Solved: quorum disks not online, looking for the best way ...

infinitiguy · ‎03-09-2011

Hi,

We had some major maintenance last weekend that involved taking down our SAN and re-iping a lot of stuff. One of our VCS clusters came online without it's quorom disks. I unmounted the shared storage on the secondary node, so services can't start on there but now I'm looking for the best way to resolve without having to restart the cluster. It's a MYSQL cluster, so I don't want to have to restart all of the applications that depend on it if I don't have to. We use iscsi to connect to the quorum drives, and the issue was with the IP changed, iscsi failed to connect to the luns. This was resolved after we got the DB's back online, so now iscsi can connect, but I don't know how to fix vcs.

Has this ever happened to anyone and have any recommendations in terms of steps? Is this something I can do without affecting mysql?

problem cluster

[root@linsql01u35 ~]# vxfenadm -d

VXFEN vxfenadm ERROR V-11-2-1101 Open failed for device: /dev/vxfen

working cluster
[root@linsvn02u32 ~]# vxfenadm -d

I/O Fencing Cluster Information:
================================

Fencing Protocol Version: 201
Fencing Mode: SCSI3
Fencing SCSI3 Disk Policy: dmp
Cluster Members:

          0 (linsvn01u32.prod.domain.com)
        * 1 (linsvn02u32.prod.domain.com)

RFSM State Information:
        node   0 in state 8 (running)
        node   1 in state 8 (running)

Marianne · ‎03-10-2011

About vxdisk list - it simply lists what is seen.

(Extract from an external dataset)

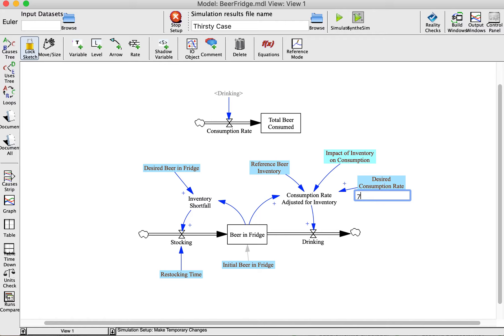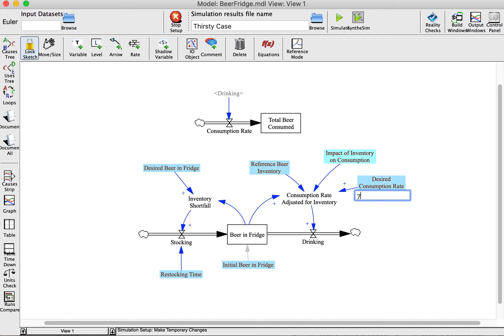When I run the model and plot the results, I can now see the original result and the new result on the same graph.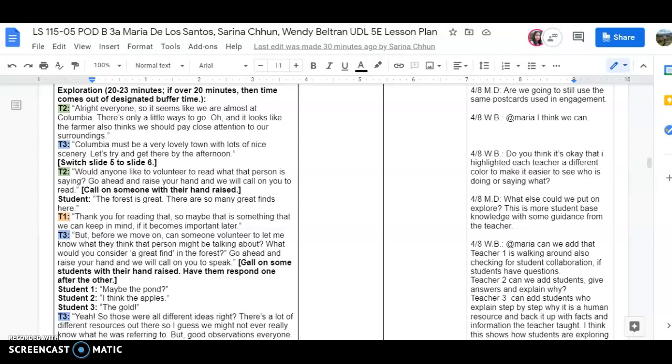This activity allowed students to think freely within the limits of the activity. So that connects back to the component that we needed for the exploration.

we need -o alldgs option because fencing disks must be visible, but not imported.

If fencing/coordinator disks can be seen, we should be able to start fencing:
/etc/init.d/vxfen start

The whole process of configuring fencing is described in VCS Install Guide: https://sort.symantec.com/public/documents/sf/5.0MP3/linux/pdf/vcs_install.pdf

Handy NetBackup Links

View solution in original post

Gaurav_S · ‎03-09-2011

can you paste below output from both the nodes

# gabconfig -a

also, what is VCS & OS versions ?

Gaurav

infinitiguy · ‎03-09-2011

VCS 5.0.3 i believe. OS is RHEL 5.2 64bit

I included output from the broken cluster, as well as a working cluster for comparison. I didn't set these up so I'm unsure as to what exactly port b is referring to (which is missing in the sql cluster).

sql cluster - not working

[root@linsql01u35 ~]# gabconfig -a

GAB Port Memberships

===============================================================

Port a gen f8df01 membership 01

Port h gen f8df04 membership 01

[root@linsql02u35 ~]# gabconfig -a

GAB Port Memberships

===============================================================

Port a gen f8df01 membership 01

Port h gen f8df04 membership 01

[root@linsql02u35 ~]#

svn cluster - working

[root@linsvn01u32 ~]# gabconfig -a

GAB Port Memberships

===============================================================

Port a gen 8fea04 membership 01

Port b gen 8fea03 membership 01

Port h gen 8fea05 membership 01

[root@linsvn01u32 ~]#

[root@linsvn02u32 ~]# gabconfig -a

GAB Port Memberships

===============================================================

Port a gen 8fea04 membership 01

Port b gen 8fea03 membership 01

Port h gen 8fea05 membership 01

Marianne · ‎03-09-2011

I was trying to figure out what quorum disks were doing in a vcs cluster....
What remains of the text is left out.